Information supplied:
####################
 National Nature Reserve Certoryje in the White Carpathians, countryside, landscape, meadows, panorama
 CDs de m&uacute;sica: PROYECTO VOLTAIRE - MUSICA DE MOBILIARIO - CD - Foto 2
####################
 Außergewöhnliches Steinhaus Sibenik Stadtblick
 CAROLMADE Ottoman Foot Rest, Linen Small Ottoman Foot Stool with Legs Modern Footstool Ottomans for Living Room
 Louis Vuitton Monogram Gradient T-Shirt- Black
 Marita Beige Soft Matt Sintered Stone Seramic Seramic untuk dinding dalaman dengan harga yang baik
####################
Work to complete: Everything above from the line containing "National Nature Reserve" down to the line containing "CDs de m&uacute;sica: PROYECTO" should be copied exactly, both end lines included, and nothing else.

Reply:
 National Nature Reserve Certoryje in the White Carpathians, countryside, landscape, meadows, panorama
 CDs de m&uacute;sica: PROYECTO VOLTAIRE - MUSICA DE MOBILIARIO - CD - Foto 2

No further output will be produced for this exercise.